You find a Christian first converted knows his sins forgiven. But if you want to be a Christian as God contemplates it, you are in the world but not of it as He is not, you are in Christ. That is the reason why God puts us constantly through trials and difficulties, that God may make all this real to our souls. "Always bearing about in our bodies the dying of the Lord Jesus, that the life also of Jesus might be manifest in our body."
"For many walk, of whom I have told you often, and now tell you even weeping, that they are the enemies of the cross of Christ: … who mind earthly things." The Cross has put entire contempt upon them. If I look for the glory of God, where do I find divine dealing with sin, infinite divine love? In the Cross. That is what has put an end on God's part to everything connected with man - pretension to righteousness, recoverableness, everything, save the body left to be the vessel of the manifestation of the life of Christ.
"Our citizenship is in heaven from whence also we look for the Saviour, the Lord Jesus Christ." We are left here like the man with the legion of devils, sent to his friends that they might know what great things the Lord had done for him. We look for the Lord Jesus Christ as Saviour, to do the one thing that remains to be done, to change our vile bodies that they may be fashioned like unto His glorious body. Then all will be complete. He will see of the travail of His soul and be satisfied then.
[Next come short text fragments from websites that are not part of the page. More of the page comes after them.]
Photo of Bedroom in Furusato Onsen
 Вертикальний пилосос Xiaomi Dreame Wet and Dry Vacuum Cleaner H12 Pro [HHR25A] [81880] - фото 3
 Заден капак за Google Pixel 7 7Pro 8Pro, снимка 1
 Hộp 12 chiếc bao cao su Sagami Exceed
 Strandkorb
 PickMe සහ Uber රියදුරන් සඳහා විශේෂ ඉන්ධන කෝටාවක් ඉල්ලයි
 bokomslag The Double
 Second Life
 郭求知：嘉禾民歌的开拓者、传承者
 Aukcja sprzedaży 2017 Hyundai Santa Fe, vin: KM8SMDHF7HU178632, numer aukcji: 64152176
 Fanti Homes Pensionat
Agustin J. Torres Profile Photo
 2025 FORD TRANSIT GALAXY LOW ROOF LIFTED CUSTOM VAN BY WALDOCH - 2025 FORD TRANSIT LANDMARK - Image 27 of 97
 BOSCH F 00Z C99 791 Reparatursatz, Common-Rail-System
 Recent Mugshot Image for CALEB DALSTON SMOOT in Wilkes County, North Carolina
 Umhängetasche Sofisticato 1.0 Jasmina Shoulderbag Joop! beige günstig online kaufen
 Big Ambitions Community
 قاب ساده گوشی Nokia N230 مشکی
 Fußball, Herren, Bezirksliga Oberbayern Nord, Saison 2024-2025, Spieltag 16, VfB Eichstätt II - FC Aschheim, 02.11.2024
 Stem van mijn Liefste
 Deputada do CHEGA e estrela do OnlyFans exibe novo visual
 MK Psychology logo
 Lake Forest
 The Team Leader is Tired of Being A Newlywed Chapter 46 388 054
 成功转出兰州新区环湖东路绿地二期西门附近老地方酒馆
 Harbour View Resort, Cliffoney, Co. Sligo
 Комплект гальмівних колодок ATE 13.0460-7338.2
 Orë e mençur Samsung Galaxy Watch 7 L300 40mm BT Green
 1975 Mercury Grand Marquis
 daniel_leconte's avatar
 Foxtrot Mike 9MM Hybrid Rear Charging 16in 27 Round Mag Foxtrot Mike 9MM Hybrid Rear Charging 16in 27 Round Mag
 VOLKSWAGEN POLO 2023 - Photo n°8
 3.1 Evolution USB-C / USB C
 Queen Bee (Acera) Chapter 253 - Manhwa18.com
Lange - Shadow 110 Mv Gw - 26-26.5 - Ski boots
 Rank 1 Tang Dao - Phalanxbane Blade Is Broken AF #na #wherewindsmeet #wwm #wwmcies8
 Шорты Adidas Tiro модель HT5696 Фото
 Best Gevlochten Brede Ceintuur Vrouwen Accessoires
234 Christ has come and given Himself for us that He might purify us to Himself. The Cross was the test of infinite love. And what we have to look for is that love of Christ to come and take us to Himself. If a Christian understands that he is done with the old man, he has to learn to grow up to the stature of Christ. There is no other full growth of the Christian but that. As to mind and faith he gets into the full grown state. The thing is to be attained in glory, we cannot say we have attained, but can we say "This one thing I do." If a man has only seen forgiveness yesterday he has got to walk according to the same rule. To be forgiven and know it, is blessed of course; but can you say you are doing one thing?
People talk a deal about perfection, but they have lost the sense that perfection is to be as Christ in glory.
Can you say that your citizenship is in heaven, your righteousness in Christ, the associations of your heart with Christ, everything there? Infidelity is stalking abroad, ritualism is in high places. Can you say I have no confidence in the flesh? Divine righteousness is in heaven, but the Cross has written death upon all below upon earth, and all association with it. We find our imperfection every day, but is the ruling object of our souls Christ? Are you looking for Christ? You cannot say when He will come. It is carefully not revealed, to keep you watching. But whenever the Lord speaks of it, He never puts it beyond the life of the people that were then living. He never presents another thing to their thoughts. In the parable of the virgins, those that awoke at the midnight cry were the same that fell asleep while He tarried. He wakes them up and then He comes, but stays sufficient time to test hearts as to how far He is everything. If He were to come to-night, would your hearts be saying, Oh that is what I am looking for? Do you love His appearing? Would it be the joy of your heart to say, "Oh there He is, and I am to spend eternity in the glory with Him"? You cannot expect joy unless you are looking for the Lord to come. The Cross put an end to all fleshly religion, and earthly things, and Christ becomes the bright blessed Object: while the love of Christ lays hold of, sustains, and comforts the heart, and gives us the consciousness that nothing can separate us from it.